═════ WORKING DATA ═════
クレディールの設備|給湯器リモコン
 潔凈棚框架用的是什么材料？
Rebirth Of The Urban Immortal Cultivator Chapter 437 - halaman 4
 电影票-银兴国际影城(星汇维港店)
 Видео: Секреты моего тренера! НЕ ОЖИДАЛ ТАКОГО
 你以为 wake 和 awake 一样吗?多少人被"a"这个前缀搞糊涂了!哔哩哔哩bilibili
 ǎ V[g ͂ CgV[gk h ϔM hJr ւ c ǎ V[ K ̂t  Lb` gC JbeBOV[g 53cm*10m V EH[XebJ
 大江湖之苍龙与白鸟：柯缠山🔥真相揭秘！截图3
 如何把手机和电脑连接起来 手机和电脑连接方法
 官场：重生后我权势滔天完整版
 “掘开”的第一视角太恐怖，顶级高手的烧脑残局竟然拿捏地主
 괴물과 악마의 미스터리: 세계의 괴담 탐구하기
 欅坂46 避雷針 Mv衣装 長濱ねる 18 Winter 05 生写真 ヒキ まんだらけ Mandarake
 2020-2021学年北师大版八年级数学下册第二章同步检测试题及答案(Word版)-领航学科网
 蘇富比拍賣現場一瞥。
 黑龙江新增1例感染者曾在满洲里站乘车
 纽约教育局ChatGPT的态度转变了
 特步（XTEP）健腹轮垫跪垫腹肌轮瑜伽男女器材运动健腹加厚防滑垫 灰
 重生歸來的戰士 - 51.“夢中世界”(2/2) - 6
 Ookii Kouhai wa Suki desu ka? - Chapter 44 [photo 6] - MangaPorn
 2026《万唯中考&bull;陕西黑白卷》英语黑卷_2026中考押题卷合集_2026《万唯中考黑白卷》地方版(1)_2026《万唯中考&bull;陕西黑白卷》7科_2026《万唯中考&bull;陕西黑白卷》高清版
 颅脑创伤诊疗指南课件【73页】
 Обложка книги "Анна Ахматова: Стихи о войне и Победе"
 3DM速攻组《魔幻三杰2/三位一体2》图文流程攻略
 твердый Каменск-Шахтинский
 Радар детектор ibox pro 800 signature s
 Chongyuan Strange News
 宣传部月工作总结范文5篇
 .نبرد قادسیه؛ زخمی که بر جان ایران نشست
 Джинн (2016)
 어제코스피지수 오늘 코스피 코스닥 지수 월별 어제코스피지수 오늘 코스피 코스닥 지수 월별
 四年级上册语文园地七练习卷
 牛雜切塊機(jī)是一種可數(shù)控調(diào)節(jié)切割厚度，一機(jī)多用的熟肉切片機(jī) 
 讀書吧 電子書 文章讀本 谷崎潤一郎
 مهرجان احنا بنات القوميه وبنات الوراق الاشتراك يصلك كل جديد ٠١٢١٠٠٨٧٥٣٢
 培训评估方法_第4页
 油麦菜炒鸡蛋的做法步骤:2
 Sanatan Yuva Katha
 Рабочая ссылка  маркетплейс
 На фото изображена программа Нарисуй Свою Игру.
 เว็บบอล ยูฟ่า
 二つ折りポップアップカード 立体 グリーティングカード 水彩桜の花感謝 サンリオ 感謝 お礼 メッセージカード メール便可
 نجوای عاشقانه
═════
• TASK PROMPT:
Word for word, write out the data.

• TASK RESPONSE:
クレディールの設備|給湯器リモコン
 潔凈棚框架用的是什么材料？
Rebirth Of The Urban Immortal Cultivator Chapter 437 - halaman 4
 电影票-银兴国际影城(星汇维港店)
 Видео: Секреты моего тренера! НЕ ОЖИДАЛ ТАКОГО
 你以为 wake 和 awake 一样吗?多少人被"a"这个前缀搞糊涂了!哔哩哔哩bilibili
 ǎ V[g ͂ CgV[gk h ϔM hJr ւ c ǎ V[ K ̂t  Lb` gC JbeBOV[g 53cm*10m V EH[XebJ
 大江湖之苍龙与白鸟：柯缠山🔥真相揭秘！截图3
 如何把手机和电脑连接起来 手机和电脑连接方法
 官场：重生后我权势滔天完整版
 “掘开”的第一视角太恐怖，顶级高手的烧脑残局竟然拿捏地主
 괴물과 악마의 미스터리: 세계의 괴담 탐구하기
 欅坂46 避雷針 Mv衣装 長濱ねる 18 Winter 05 生写真 ヒキ まんだらけ Mandarake
 2020-2021学年北师大版八年级数学下册第二章同步检测试题及答案(Word版)-领航学科网
 蘇富比拍賣現場一瞥。
 黑龙江新增1例感染者曾在满洲里站乘车
 纽约教育局ChatGPT的态度转变了
 特步（XTEP）健腹轮垫跪垫腹肌轮瑜伽男女器材运动健腹加厚防滑垫 灰
 重生歸來的戰士 - 51.“夢中世界”(2/2) - 6
 Ookii Kouhai wa Suki desu ka? - Chapter 44 [photo 6] - MangaPorn
 2026《万唯中考&bull;陕西黑白卷》英语黑卷_2026中考押题卷合集_2026《万唯中考黑白卷》地方版(1)_2026《万唯中考&bull;陕西黑白卷》7科_2026《万唯中考&bull;陕西黑白卷》高清版
 颅脑创伤诊疗指南课件【73页】
 Обложка книги "Анна Ахматова: Стихи о войне и Победе"
 3DM速攻组《魔幻三杰2/三位一体2》图文流程攻略
 твердый Каменск-Шахтинский
 Радар детектор ibox pro 800 signature s
 Chongyuan Strange News
 宣传部月工作总结范文5篇
 .نبرد قادسیه؛ زخمی که بر جان ایران نشست
 Джинн (2016)
 어제코스피지수 오늘 코스피 코스닥 지수 월별 어제코스피지수 오늘 코스피 코스닥 지수 월별
 四年级上册语文园地七练习卷
 牛雜切塊機(jī)是一種可數(shù)控調(diào)節(jié)切割厚度，一機(jī)多用的熟肉切片機(jī) 
 讀書吧 電子書 文章讀本 谷崎潤一郎
 مهرجان احنا بنات القوميه وبنات الوراق الاشتراك يصلك كل جديد ٠١٢١٠٠٨٧٥٣٢
 培训评估方法_第4页
 油麦菜炒鸡蛋的做法步骤:2
 Sanatan Yuva Katha
 Рабочая ссылка  маркетплейс
 На фото изображена программа Нарисуй Свою Игру.
 เว็บบอล ยูฟ่า
 二つ折りポップアップカード 立体 グリーティングカード 水彩桜の花感謝 サンリオ 感謝 お礼 メッセージカード メール便可
 نجوای عاشقانه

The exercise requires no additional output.